+++ Exercise inputs +++

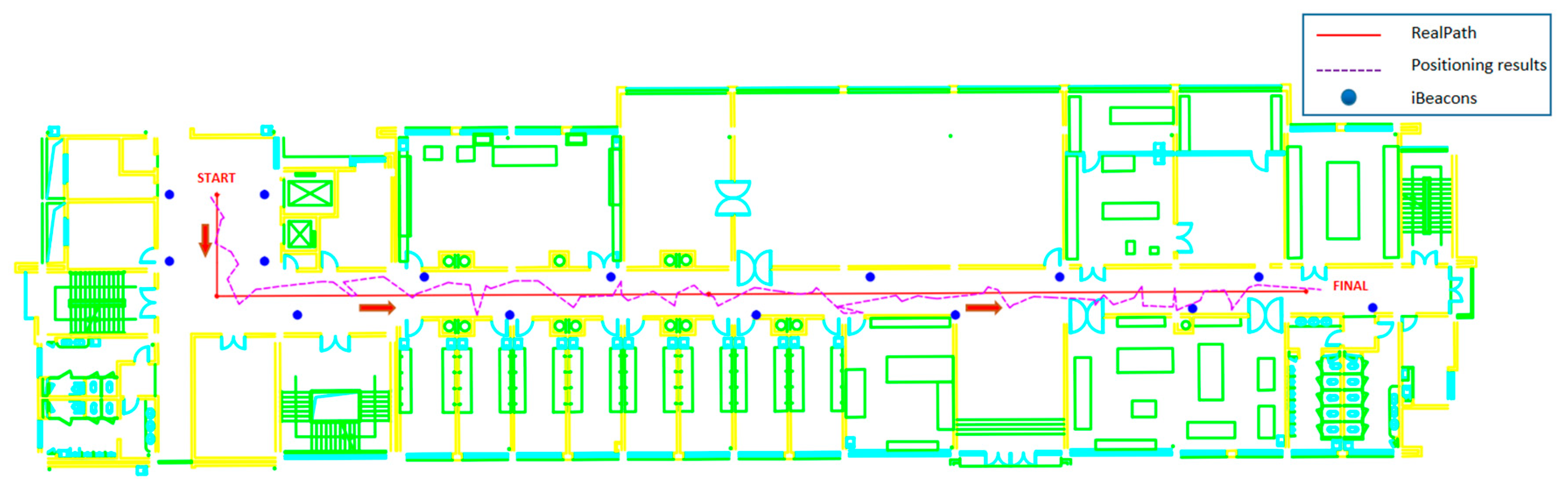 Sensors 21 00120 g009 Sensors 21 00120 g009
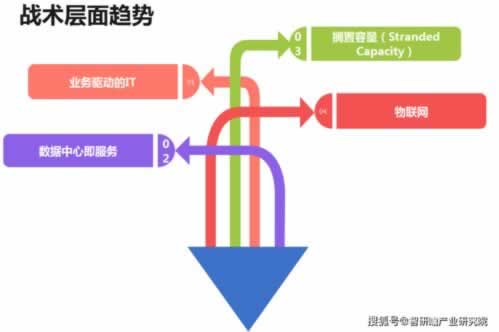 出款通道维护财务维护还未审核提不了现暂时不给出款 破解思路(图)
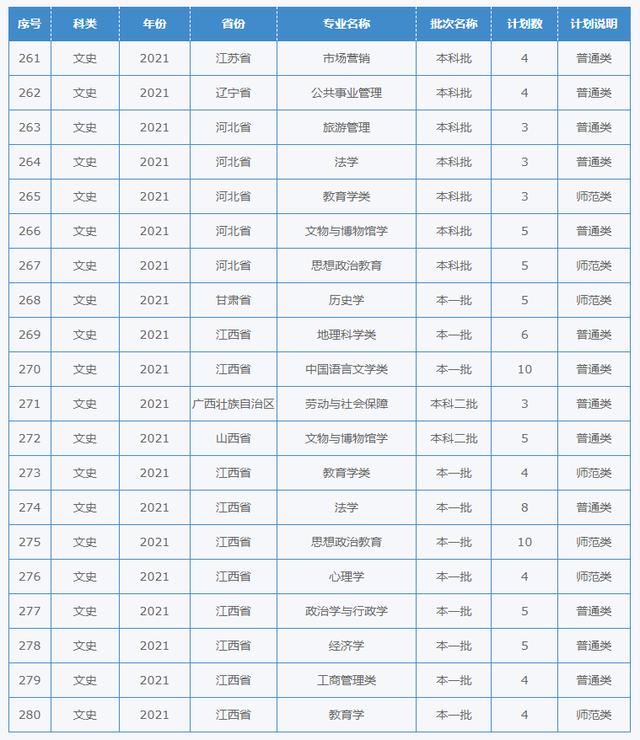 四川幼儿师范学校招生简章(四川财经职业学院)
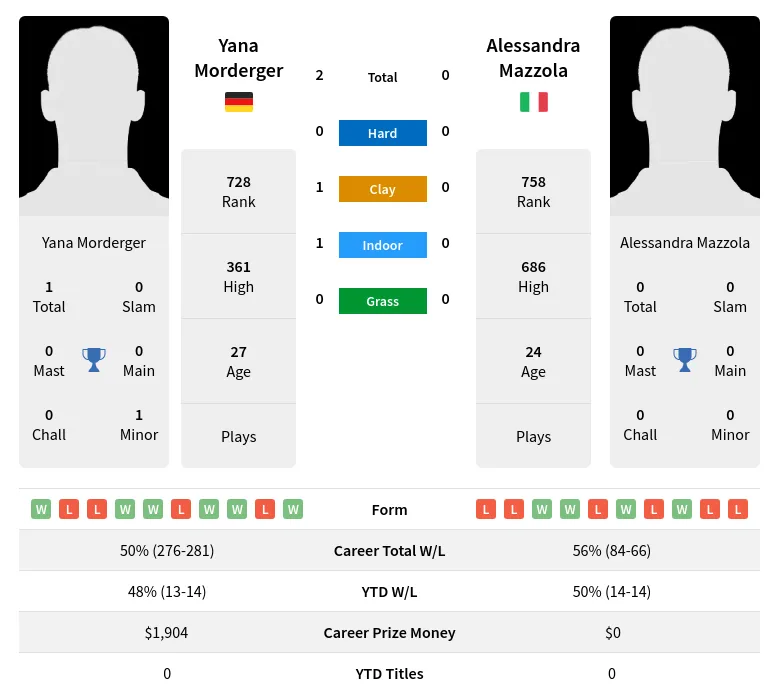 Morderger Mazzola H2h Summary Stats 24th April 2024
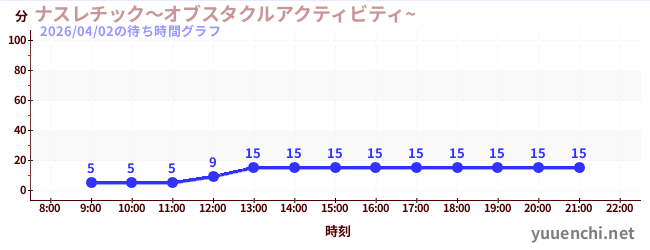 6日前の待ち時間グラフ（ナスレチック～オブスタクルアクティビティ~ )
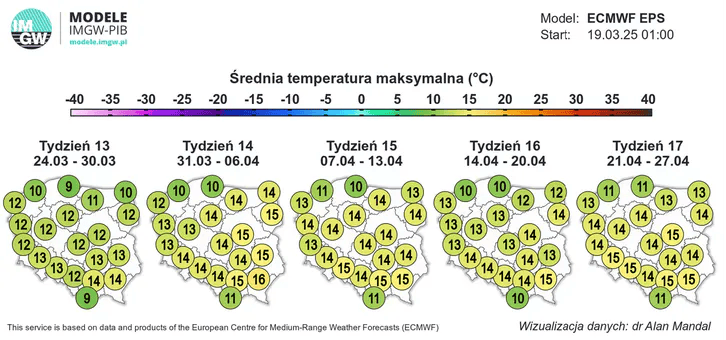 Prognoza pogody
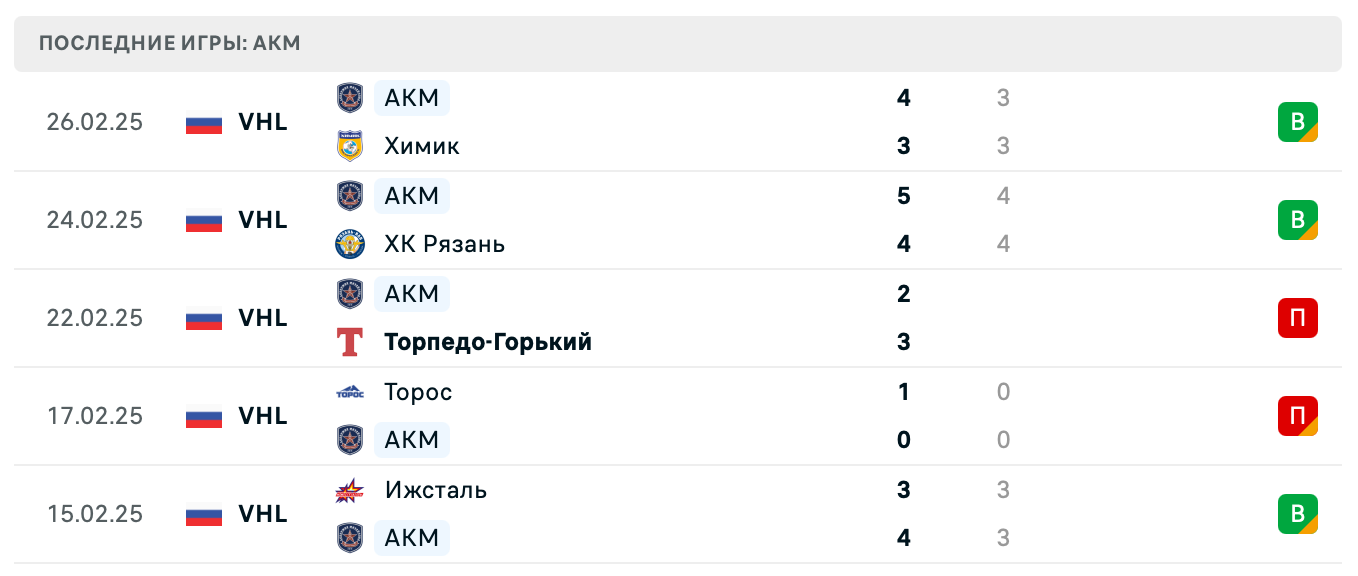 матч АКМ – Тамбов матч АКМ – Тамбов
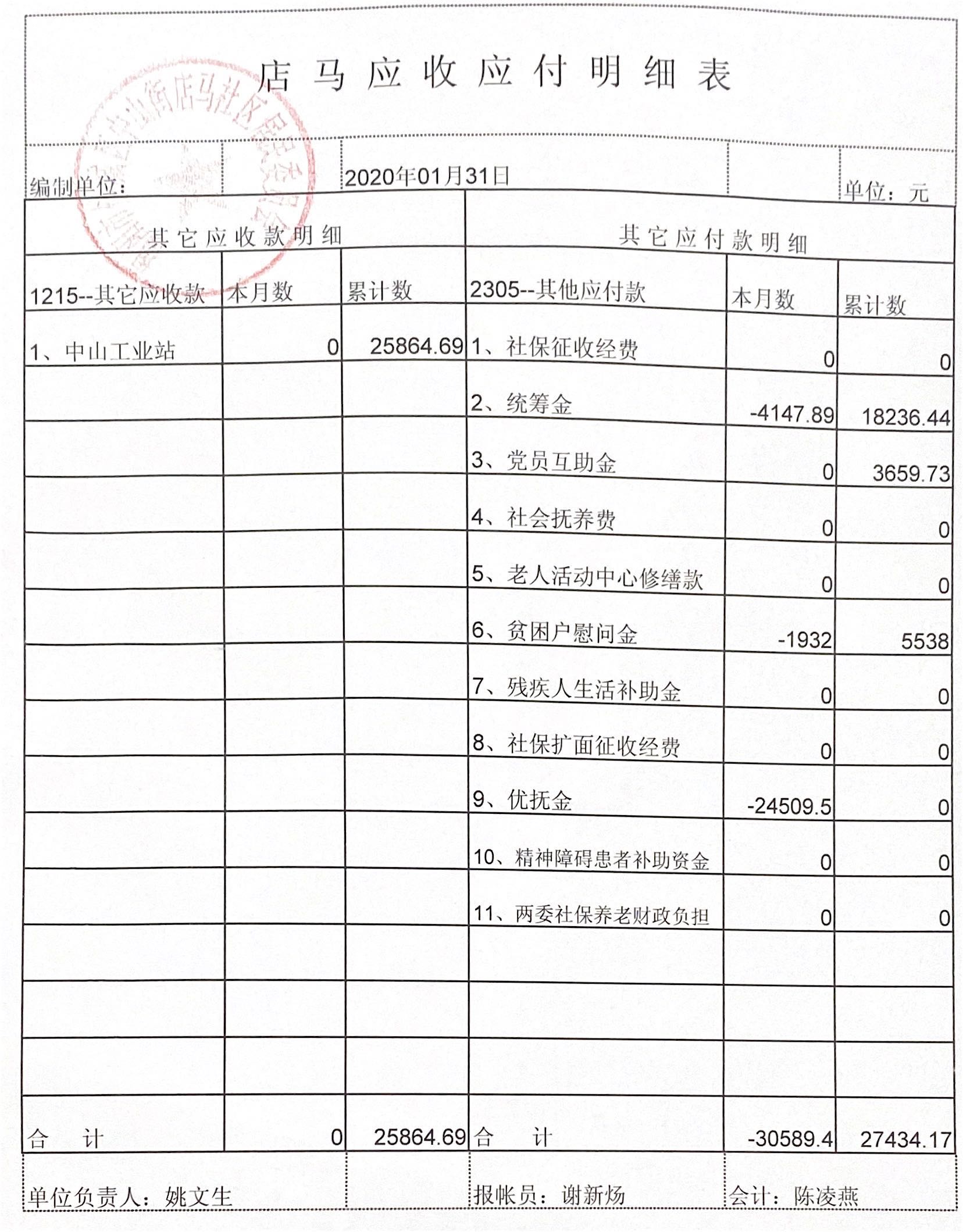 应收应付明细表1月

+++

Problem statement » Which lines run from the one holding "出款通道维护财务维护还未审核提不了现暂时不给出款 破解思路(图)" through the end of the records? Reproduce them word for word, both ends included, with no pictures.

Answer section »
 出款通道维护财务维护还未审核提不了现暂时不给出款 破解思路(图)
 四川幼儿师范学校招生简章(四川财经职业学院)
 Morderger Mazzola H2h Summary Stats 24th April 2024
 6日前の待ち時間グラフ（ナスレチック～オブスタクルアクティビティ~ )
 Prognoza pogody
 матч АКМ – Тамбов матч АКМ – Тамбов
 应收应付明细表1月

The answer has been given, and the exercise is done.